> **DATA IN THIS EXERCISE**:
-------

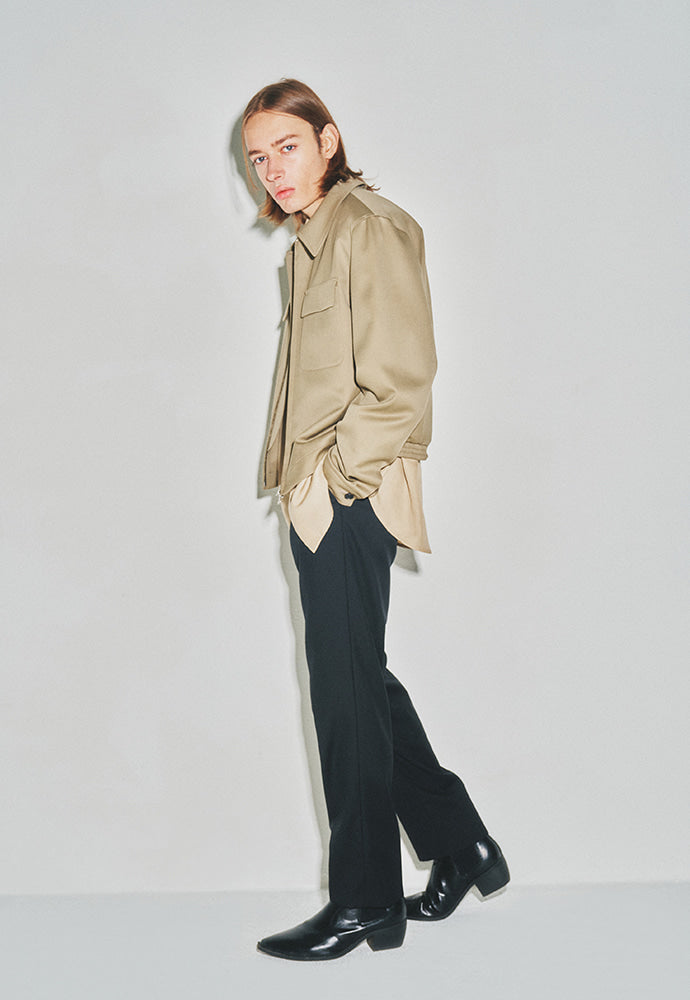 Tonywack - Super Fine Wool Double Pocket Zip Blouson (Beige) product image 4 | TRAB K-Fashion Australia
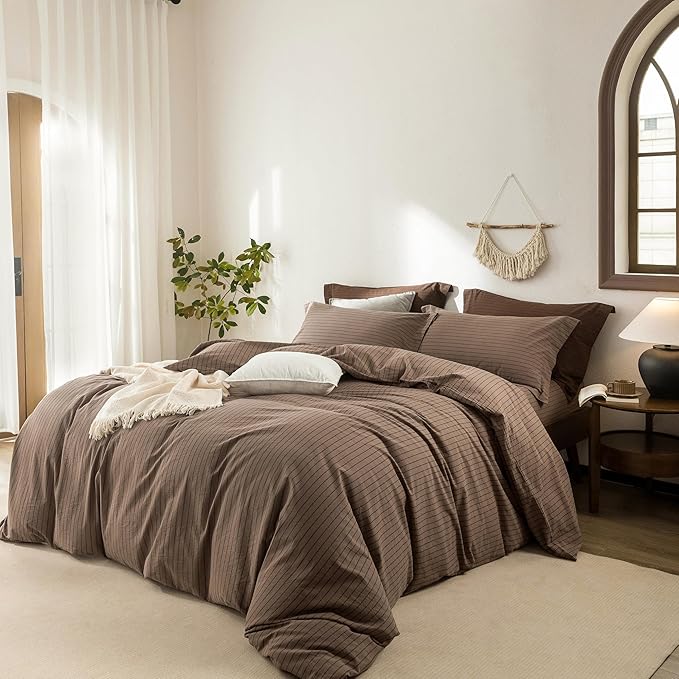Stripe Duvet Cover King Size 104inch x 90inch,100% Washed Cotton Pinstripe Duvet Cover with Zipper Closure and 2 Pillowcases, Color of Light Brown-Black Stripe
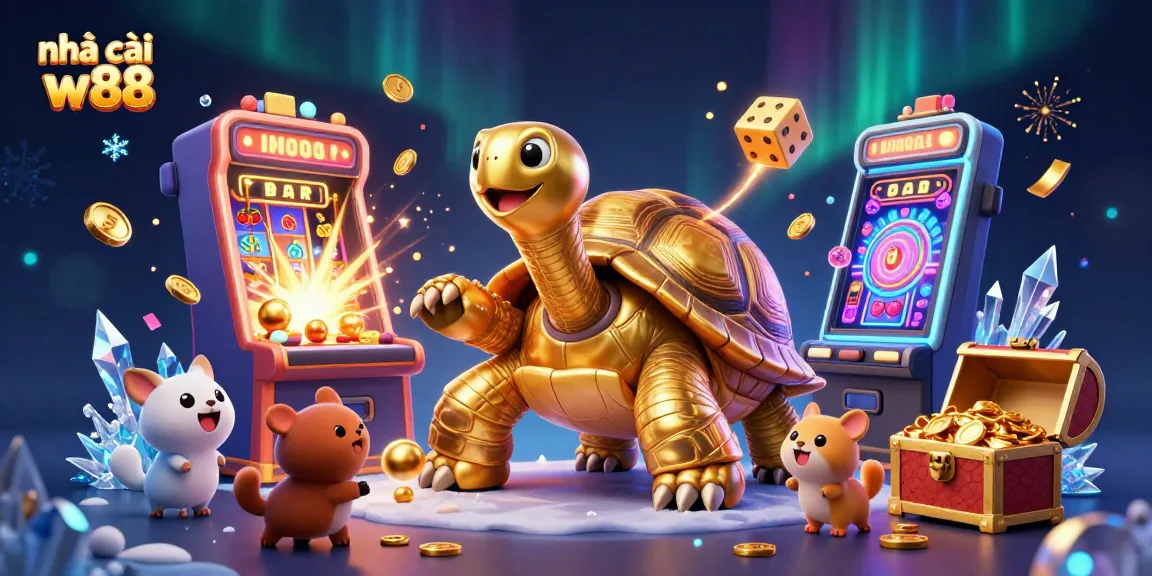 Play exciting games at nhà cái w88 with a thrilling 3D casino scene featuring golden tortoise, slot machines, and vibrant decorations.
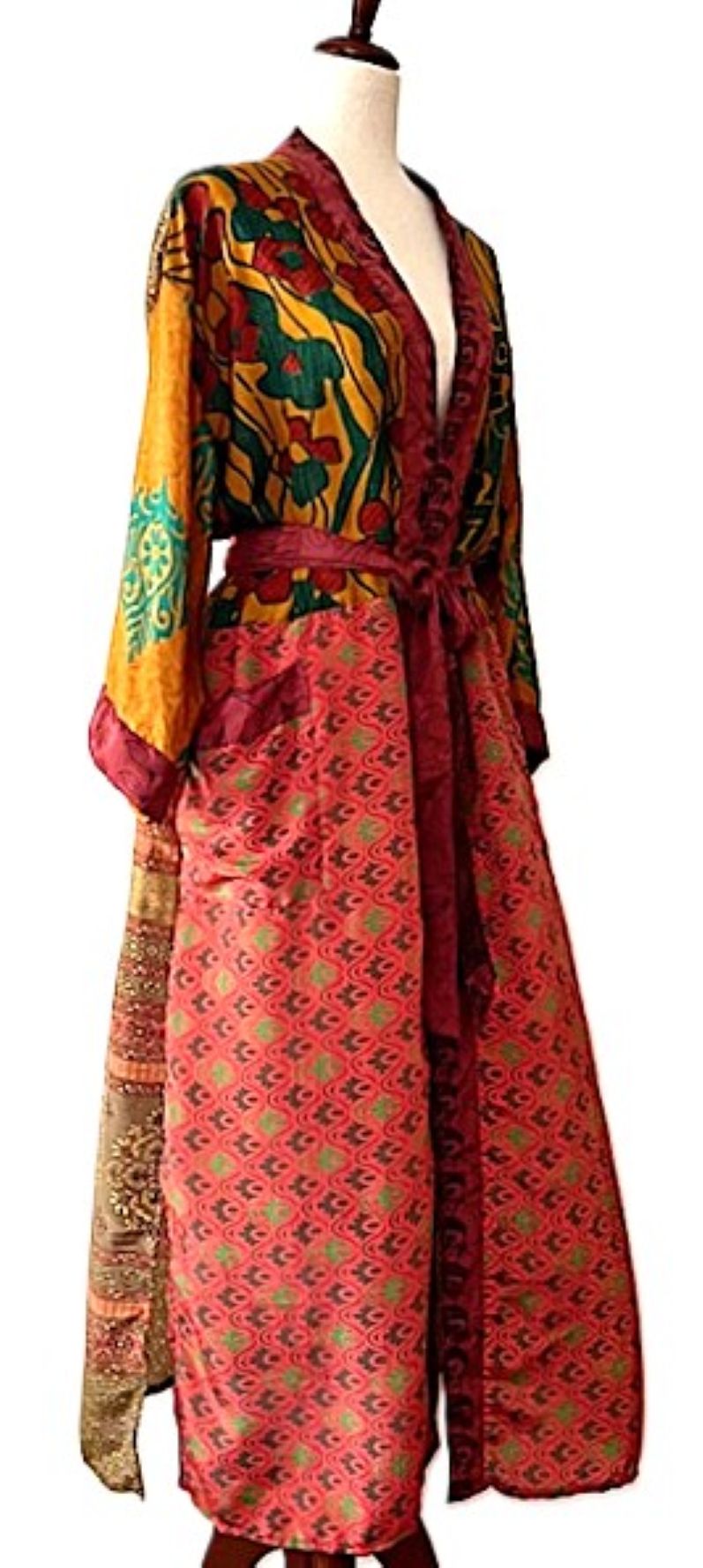 Luxurious Rich Silk Long Kimono Duster. Glamorous (Emerald)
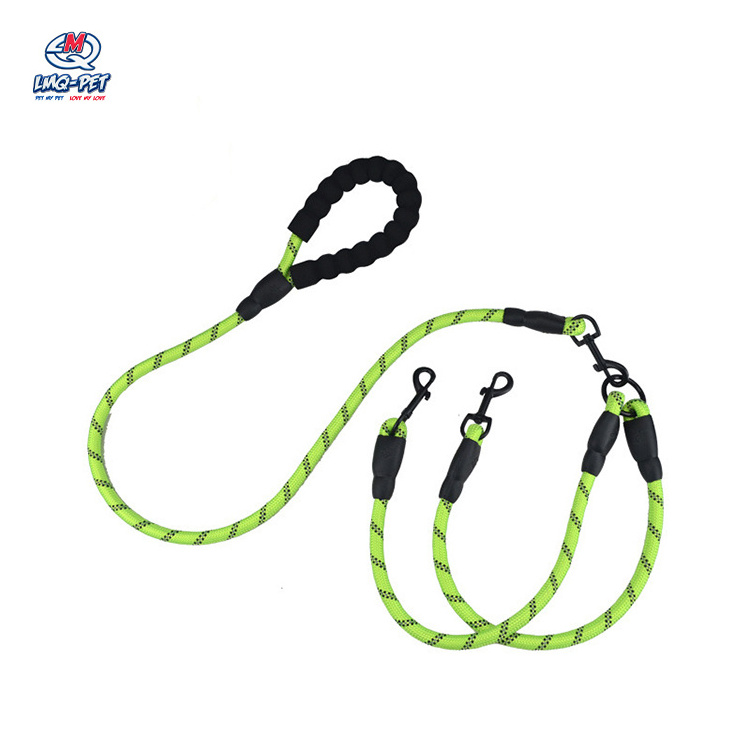 Multi-Head Rope Double-Ended Traction Rope Detachable One For Two Pet Dog Traction Leash  Nylon Double Dog Leash Kit For 2 Dogs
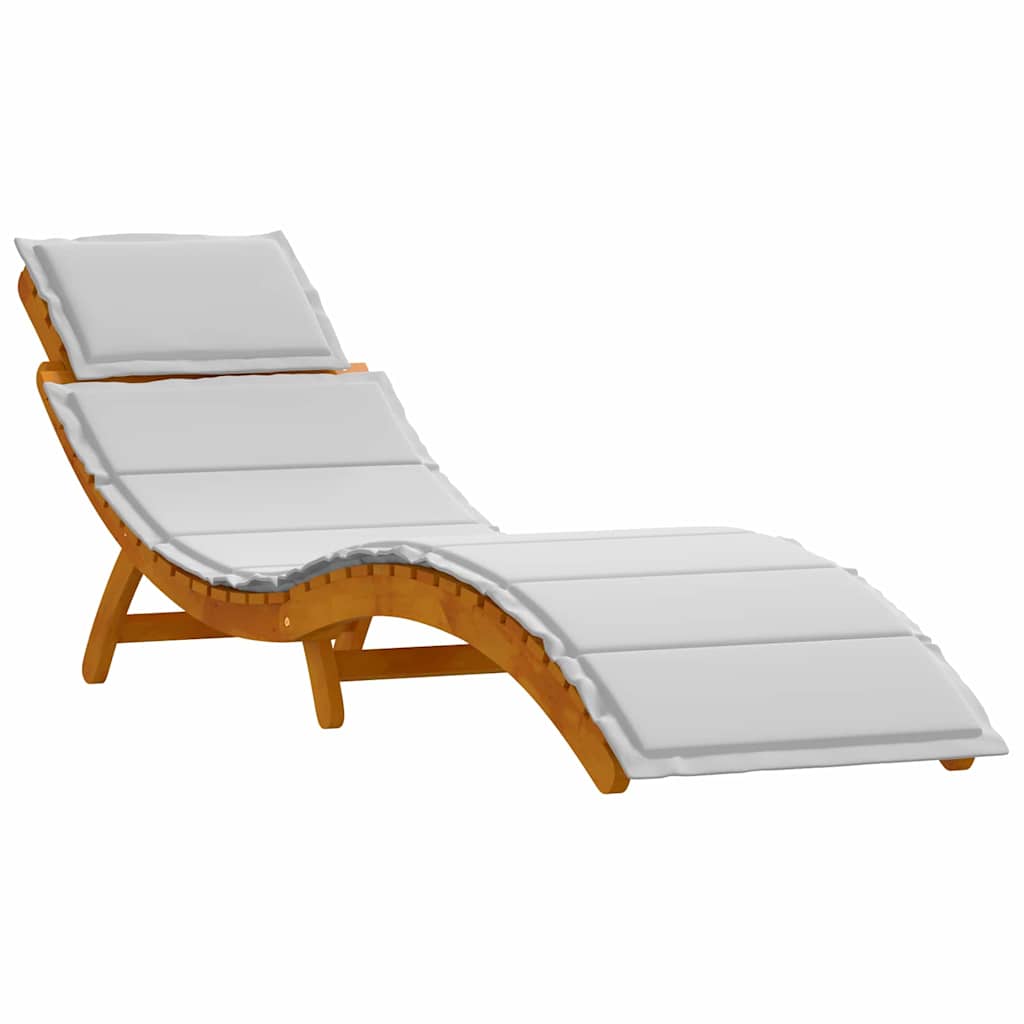 vidaXL Leżak z poduszką 2 pcs Jasnoszary Lite Drewno Akacji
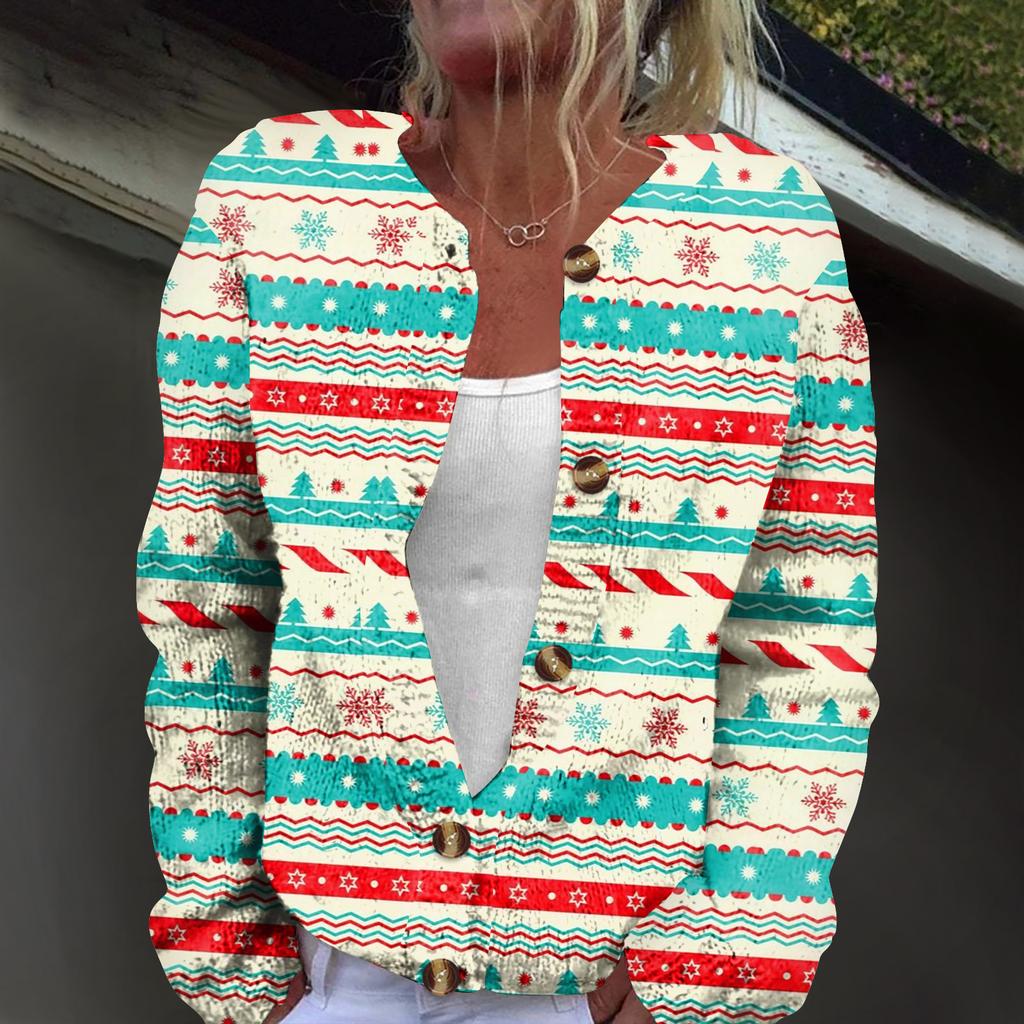 Women's Fashion Christmas Print Long Sleeve Knitted Cardigan Button Jacket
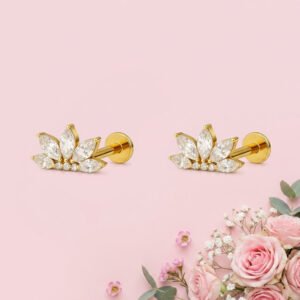 Lotus Marquise White Cz Stud Earrings – Sterling Silver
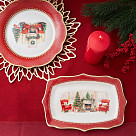 Блюдо CHRISTMAS EVE прямоугольное 28х19см цвет красный (фарфор)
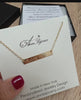Personalized Gold Filled Nameplate Necklace - Custom Engraved Horizontal Bar Pendant Jewelry - Zoe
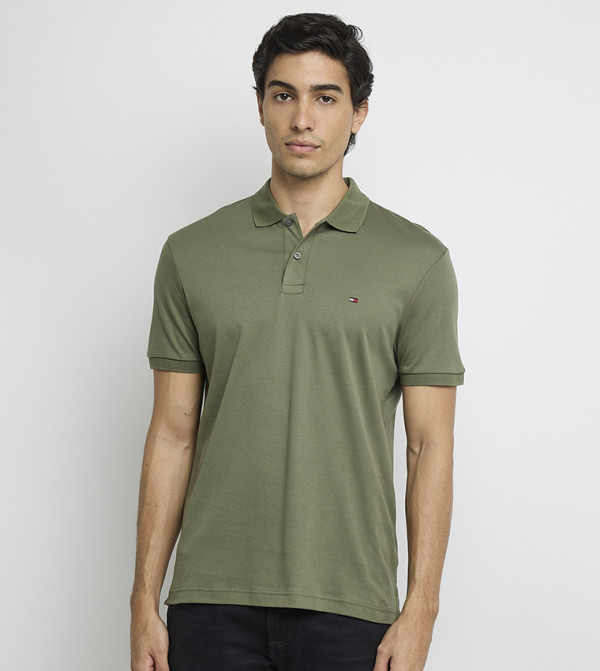 Flag Detail Short Sleeves Polo T-Shirt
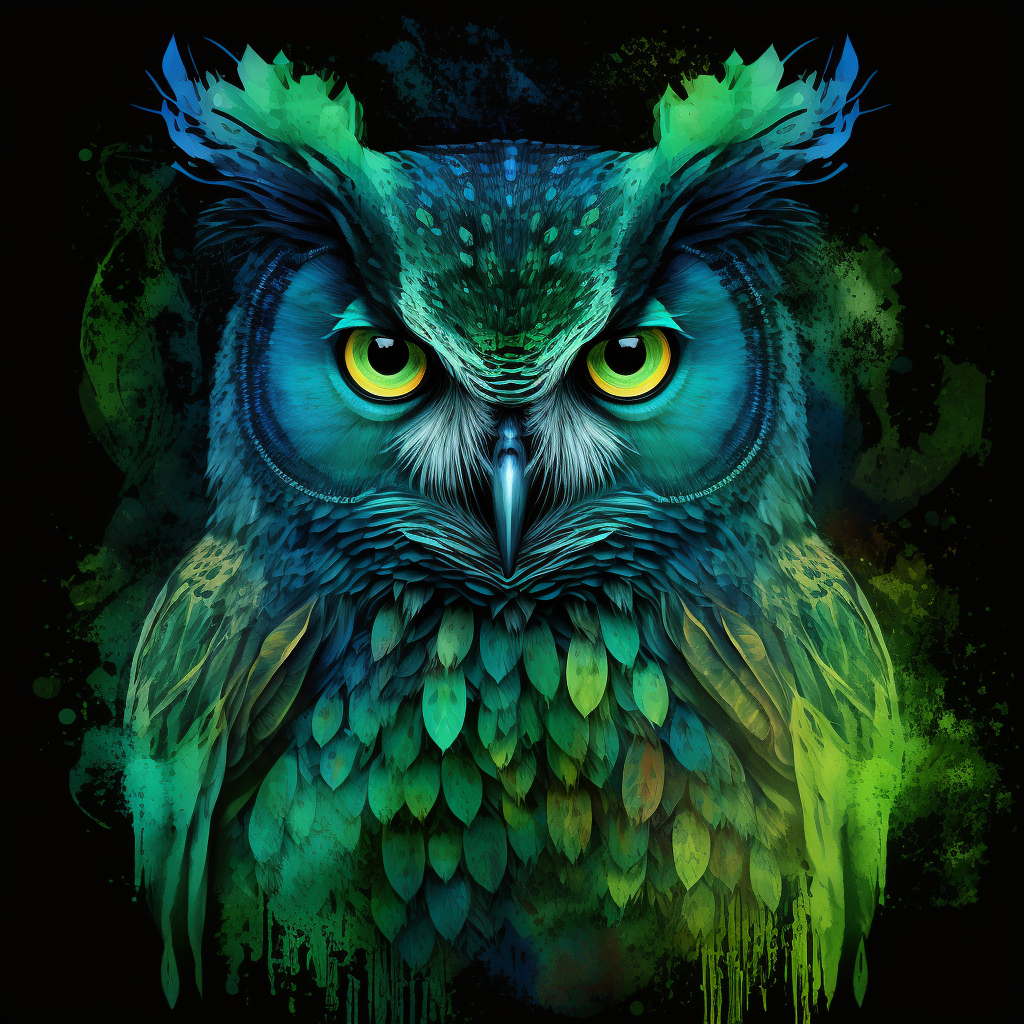 Green Blue Owl Diamond Art Kit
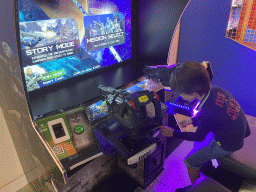 Max playing `Halo: Fireteam Raven` at the gaming room at the Abora Buenaventura by Lopesan hotel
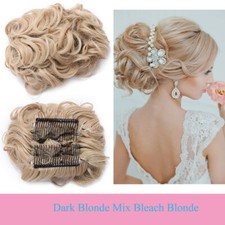 Short Curly Dish Hair Bun Combs Clip in Ponytail Extension Scrunchie Chignon UK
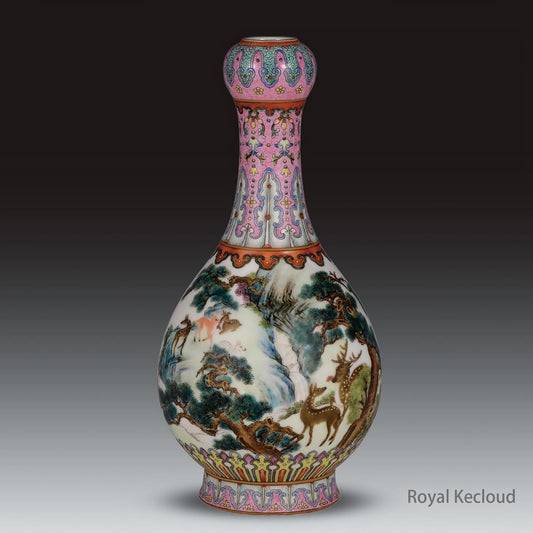 *Chinese Ancient Royal Qing Dynasty YangCai 'Deer and Crane' Garlic-head Vase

-------

From the line containing "Personalized Gold Filled" down to the final line of the material above, reproduce each line exactly and include no images.

> **ANSWER TO THE EXERCISE**:
Personalized Gold Filled Nameplate Necklace - Custom Engraved Horizontal Bar Pendant Jewelry - Zoe
 Flag Detail Short Sleeves Polo T-Shirt
 Green Blue Owl Diamond Art Kit
 Max playing `Halo: Fireteam Raven` at the gaming room at the Abora Buenaventura by Lopesan hotel
 Short Curly Dish Hair Bun Combs Clip in Ponytail Extension Scrunchie Chignon UK
 *Chinese Ancient Royal Qing Dynasty YangCai 'Deer and Crane' Garlic-head Vase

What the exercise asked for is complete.